Nas competições, o fotógrafo conta com um assistente que atua como intérprete. O ajudante descreve cenas, cores e luz. João faz o restante para o registro. “Eu não posso ser irresponsável de ir para uma competição como a Paralimpíada e, pelo meu trabalho, atrapalhar algum atleta que passou um ciclo de quatro anos trabalhando. Então, eu tenho sempre um guia do meu lado para me descrever um ambiente. Ele faz uma audiodescrição ao vivo”, explica.
João não é “imparcial” ao confessar qual registro mais quer conseguir fazer em Paris. “Eu tenho que ‘puxar a sardinha’ para minha cegueira. Fotografar final do futebol de cego, do golbol, o judô... competições que têm pessoas com deficiência visual. Para mim, é uma conexão incrível”, descreve.
O fotógrafo faz a ressalva de que quer mais pessoas com deficiências e que atuem na cobertura. “A gente precisa de mais profissionais com deficiência. Não só o João Maia. E eu sei que tem muitos, mas tem que ter mais, porque a gente vai contar a história de uma forma diferente, na visão da pessoa com deficiência”, argumenta.
Desde abril, a Fundação Dorina tem uma frente dedicada ao esporte e presta apoio à continuidade do time de golbol masculino do Centro de Apoio ao Deficiente Visual (Cadevi) e à Naurú, equipe de atletismo paralímpico, que passou a ter com times de iniciação infantil e adulto.
Exposições fotográficas de João Maia em Paris e em São Paulo
Em Paris, João vai poder visitar a exposição fotográfica de suas fotos, chamada 4 Sentidos 1 Visão, no Instituto para Jovens Cegos - Louis Braille. As imagens selecionadas, que também já estiveram este ano expostas na Universidade Panthéon-Sorbonne, também na capital francesa.

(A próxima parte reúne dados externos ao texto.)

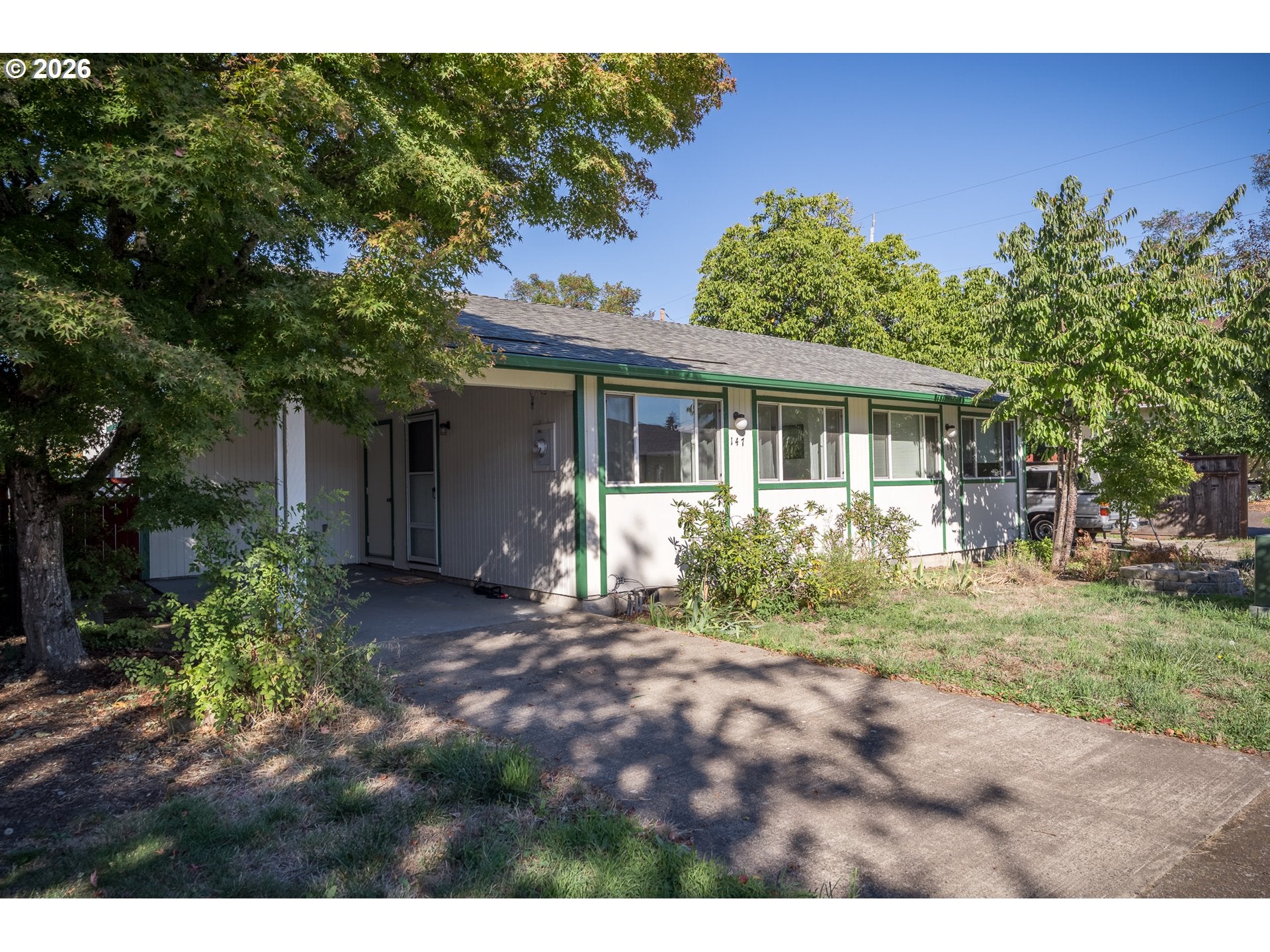 147 SW Wake Robin AVE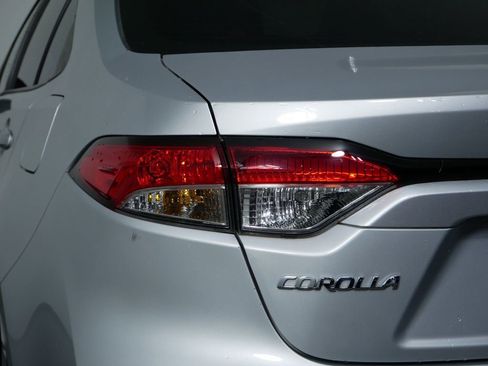 Used 2021 Toyota Corolla LE image 12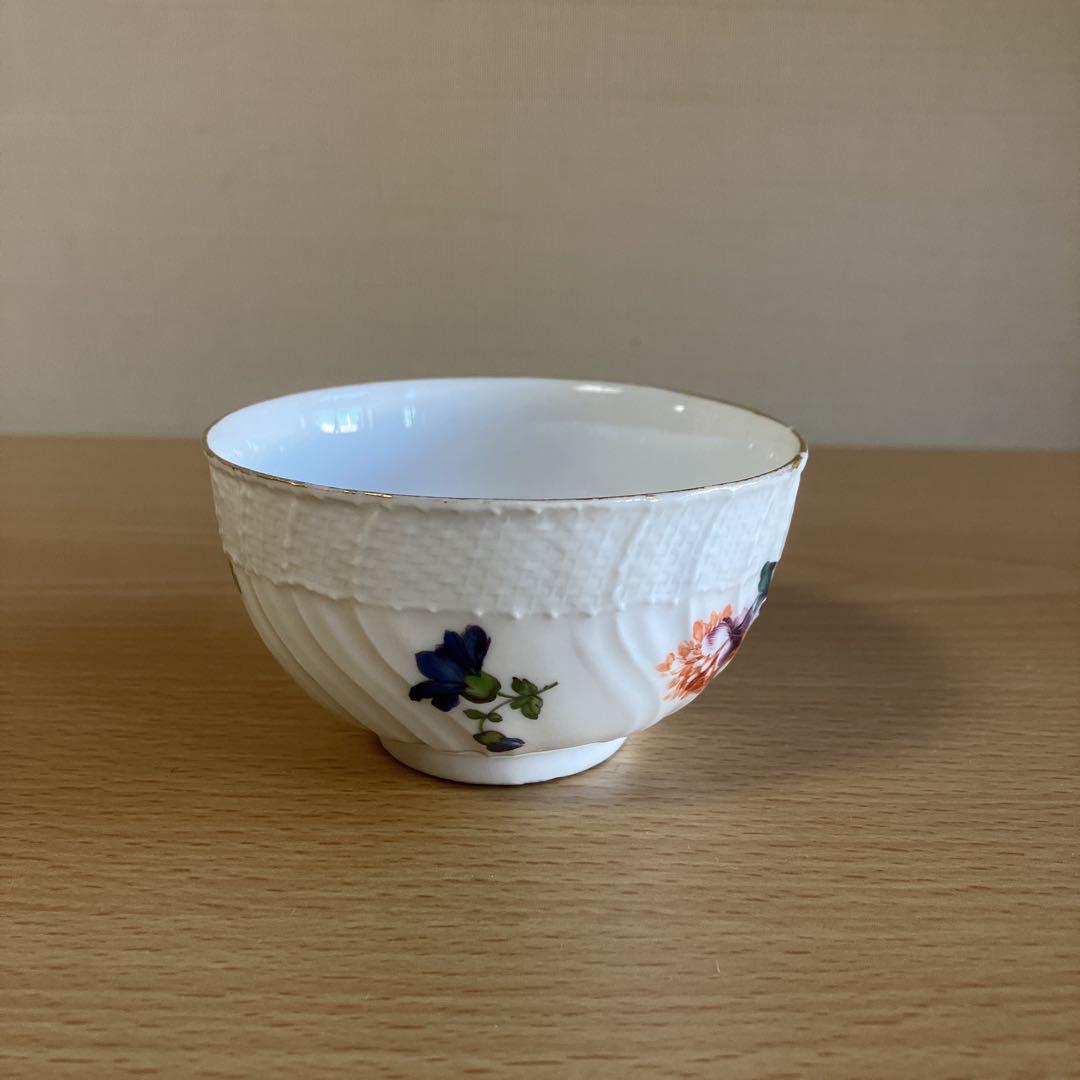 1. マイセン　花柄カップとソーサー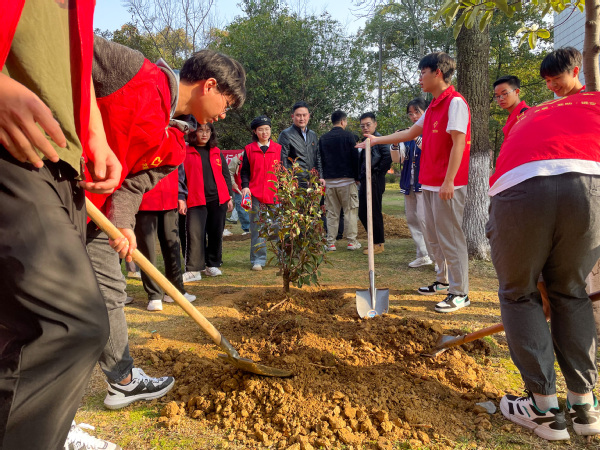 动科院“俊秀红色班”开展义务植树志愿服务活动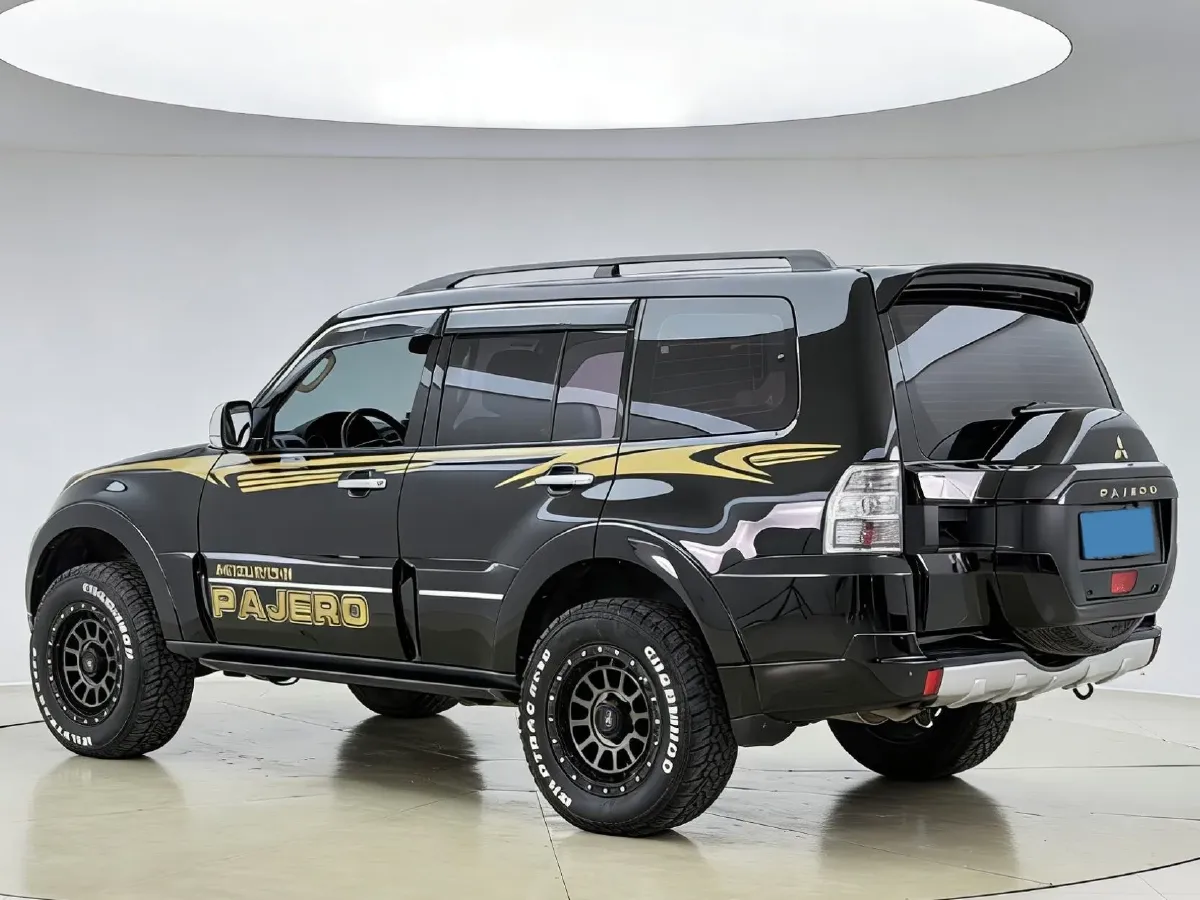 2018 Mitsubishi Pajero 3.0L 174HP V6 5AT,autocango,china used car exporter,china ev exporter,chinese used car exporter,chinese used ev exporter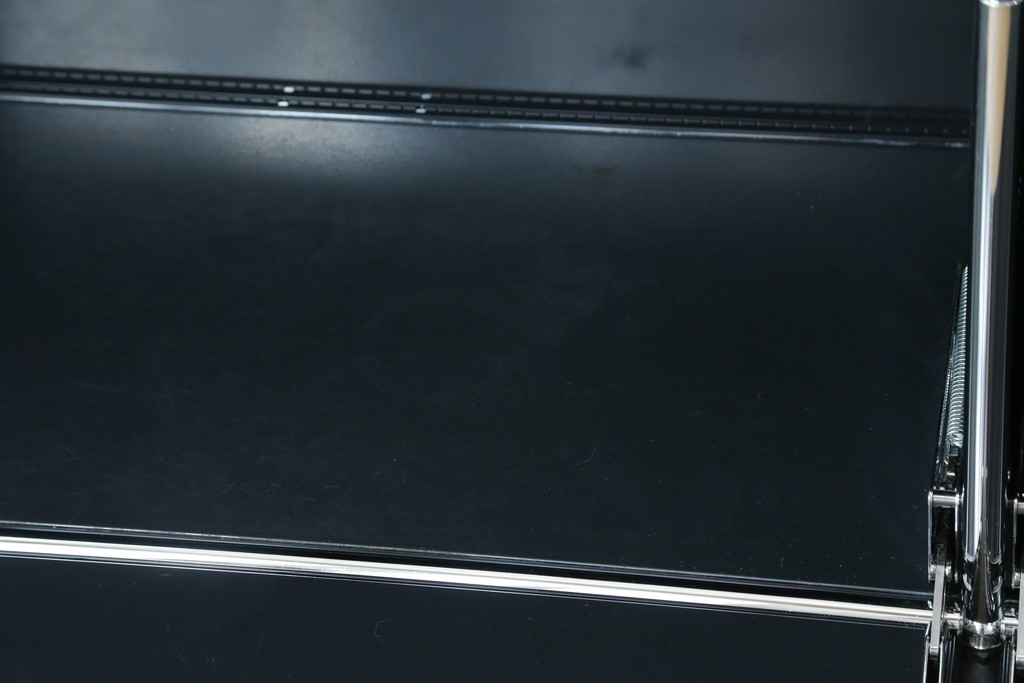 中古　スイス　USMハラー(USM Haller)　ドロップダウンドア収納付きの2段シェルフ　定価約24万円　(R-086855)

As peças retratam o trabalho de João Maia nos Jogos Paralímpicos do Rio e de Tóquio, com audiodescrição feita pela Fundação Dorina. Após a Paralimpíada de Paris, a exposição será atualizada com as fotos dessa nova edição.
Já em São Paulo, outra exposição, chamada de Fotografia Cega, está aberta até 8 de setembro, na Unibes Cultural, na Rua Oscar Freire, 2.500. A entrada é gratuita.